The first sensor unit preferably comprises a sensor collecting
temperature information, and the second sensor unit is a sensor
sensing a motion input to the portable terminal. It is assumed that
each control unit 180 of the first portable terminal and the second
portable terminal controls the first sensor unit to collect
temperature information, and extracts a background image and image
change information corresponding to the collected temperature
information from a storage unit 140.
[0073] Now referring to FIG. 9, at step (905), the first portable
terminal and the second portable terminal control respective near
distance wireless communication units to perform communication
connection with each other. Bluetooth, Wifi, or Zigbee
communication is preferably used as a communication connection
technology between the first portable terminal and the second
portable terminal.
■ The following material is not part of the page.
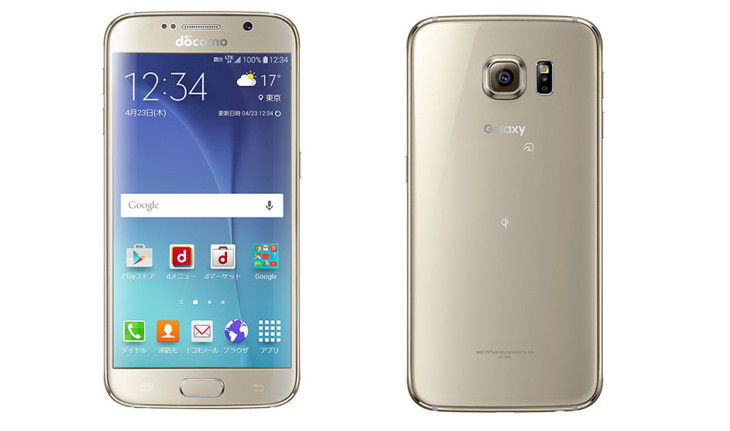 Galaxy S6 : des ventes décevantes au Japon même sans logo Samsung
For example, when the Bluetooth communication
technology is used, a Bluetooth module is included in each of the
first portable terminal and the second portable terminal. The first
portable terminal and the second portable terminal perform pairing
with each other to connect for communication.
[0074] Next, at step (910), the control unit 180 of the first
portable terminal sets a current portable terminal mode to a
contents transmission mode. In more detail, when a user of the
first portable terminal selects a contents transmission function
included in the first portable terminal and selects at least one
contents to be transmitted, the control unit 180 sets the portable
terminal mode to the contents transmission mode. Consequently, at
step (915) a control unit 180 of the second portable terminal sets
a current portable terminal mode to a contents receiving mode.
[0075] At step (920), the control unit 180 of the first portable
terminal controls the display unit 170 to display contents icons
and a background image to be transmitted. The background image is
an image extracted according to current temperature information. At
step (925), the control unit 180 of the second portable terminal
controls the display unit 170 to display a background image. The
background image displayed on the second portable terminal is also
included in an extracted image according to current temperature
information. FIG. 10 is a view illustrating a display screen
displayed by providing a UI according to a fourth exemplary
embodiment of the present invention. In example <a> of FIG.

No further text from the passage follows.